AI causes environmental damage through ravenous energy and water use. AI data centers are on pace to produce 44 million metric tons of fossil fuel emissions by 2030. Going all in on AI means both abandoning Dartmouth’s commitment to a 60% reduction in greenhouse gas emissions by 2030 and 100% by 2050.

Legal settlements have been reached to compensate Dartmouth faculty for having their research and writings accessed without authorization and plagiarized by Anthropic. Claude is an embodied violation of Dartmouth’s Academic Honor Principle. Yet, Dartmouth is rolling it out as fast as it can.

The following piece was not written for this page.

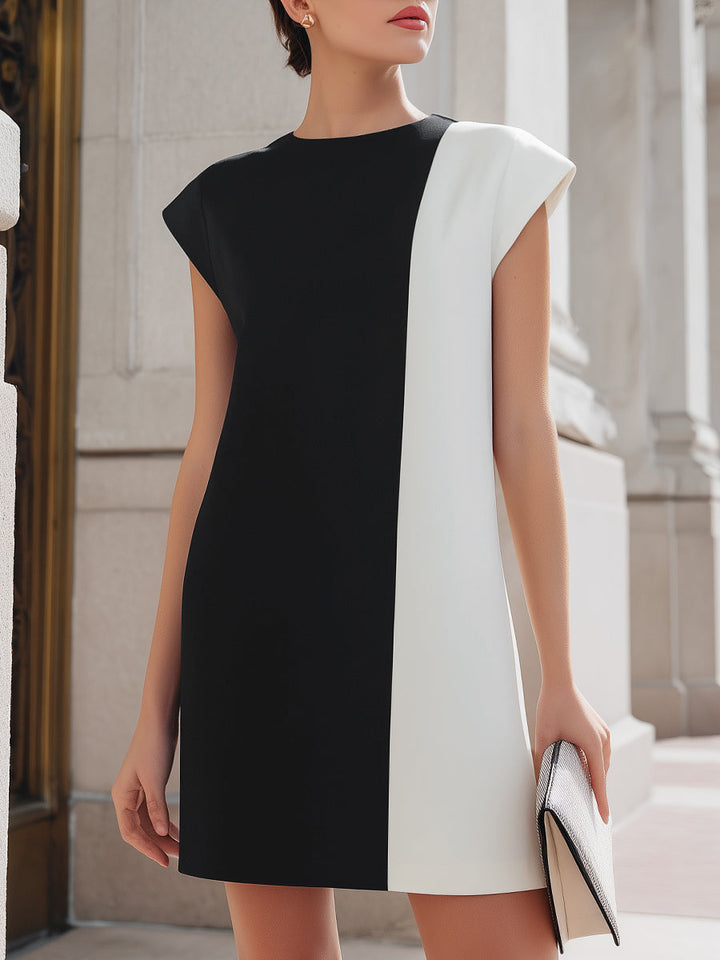 Morgan & Brooke | Black Contrast-Panel Structured Crepe Mini Dress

None of this appears in “AI at 70” or Beilock’s essay — no accident, since it’s harder to sell AI as the ticket to a secure future if the people closest to the technology are saying that no such ticket exists.

Beilock didn’t write an op-ed about classroom AI bans. Her essay is designed to sell a pro-AI Dartmouth to prospective students and donors, and propagandize alumni and the public, just as she moves us away from the competitive advantage of being small: a network in which anyone can reach everyone without gatekeeping.

If we helped students use their years in Hanover to build a true community instead of chasing a feed, then they would have a shot in a world flooded with AI slop. But alas, AI is the next institutional transformation under Beilock’s tenure — the next chapter in her campaign to reinvent Dartmouth.

Webster won his case by appealing to what made the College worth defending. Beilock posits her bigger, AI saturated Dartmouth will still be our College. It won’t be.

We’ll no longer be the “enduring institution” Booz Allen Hamilton once recognized.

We will be a small college no more.

Unai Montes-Irueste is a member of the Dartmouth College Class of 1998, Dartmouth College Alumni Council, and president of the Dartmouth Association of Latino/a/x/e and Caribbean Alumni. He lives in Southern California with his wife and three children. Guest columns represent the views of their author(s), which are not necessarily those of The Dartmouth.